FOR IMMEDIATE RELEASE: Thursday, Jan. 13th 2022

The 3Ps cod fishery was shut down in 1993, but reopened in 1997 with a quota of 10,000 tonnes. Since then the quota has jumped to as high as 30,000 tonnes in 1999 to this year’s low of 1,345 tonnes, half of the 2020 allocation. A DFO advisory group recommended Wednesday this year's 3Ps cod quota be rolled over from 2021.



Seaward Enterprises Association of Newfoundland and Labrador (SEA-NL) has recommended that Fisheries and Oceans expand its ban on bottom-trawling to include all three cod stocks off the province’s shores.

“Fisheries and Oceans can not scientifically justify banning bottom-trawling for cod in two adjacent stocks when all three are in the critical zone,” says Ryan Cleary, SEA-NL’s interim Executive Director.

DFO allows for bottom-trawling of the cod stock off southern Newfoundland in fishing zone 3Ps.

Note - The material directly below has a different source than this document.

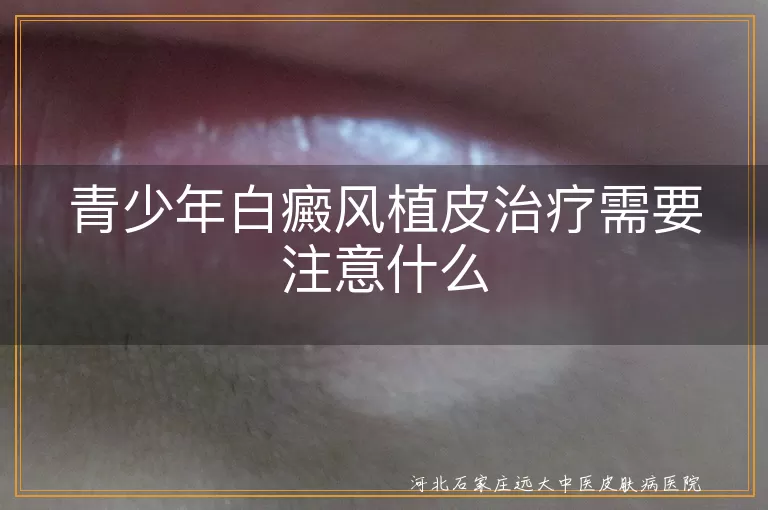 青少年白癜风植皮治疗需要注意什么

However, bottom-trawling is banned in the northern cod fishery off eastern Newfoundland and Labrador (fishing zones 2J,3KL), and for cod in the Gulf of St. Lawrence (fishing zones 4R/3Pn). All three cod stocks have been designated by DFO science as in the critical zone, meaning fishing must be kept to a minimum.

Cleary made the recommendation for a complete ban on bottom-trawling for all three adjacent cod stocks during a meeting Wednesday of a DFO advisory group assigned to recommend this year’s cod quota for the 3Ps stock.

“The 3Ps cod stock is no less susceptible to the impacts of bottom-trawling than northern cod or Gulf cod,” said Cleary, who took part in the virtual meeting as an observer, and was only permitted to make a statement at the end.

For 2022, the advisory group unanimously recommended rolling over the 2021 cod quota of 1,345 tonnes. A final decision will be made by federal Fisheries and Oceans Minister Joyce Murray later this winter/spring.

The FFAW-Unifor recommended the entire Canadian cod allocation be made available to the inshore fleet only, which was immediately opposed by the offshore dragger sector. Draggers use huge bottom-trawls to rake in their quota.

Cleary also called out DFO for not holding meetings with inshore harvesters on a 3Ps cod rebuilding plan, given that the FFAW, which the department looks to for the harvester perspective, also represents workers on the offshore draggers, and at plants where the cod is processed.

Concerns were raised late last year by the Professional Institute of the Public Service, representing scientists who work for the federal government, that DFO decisions specific to the 3Ps cod stock had undermined scientific “independence, excellence and integrity.

The union was critical of lobbying efforts by the FFAW and Atlantic Groundfish Council, representing the offshore sector, towards then federal Fisheries minister Bernadette Jordan.

SEA-NL called for an independent investigation to restore DFO’s credibility, and criticized DFO’s decision not to include the impact of seals on the rebuilding plan for the 3Ps stock as “scientifically negligent, or at the very least scientifically disingenuous.”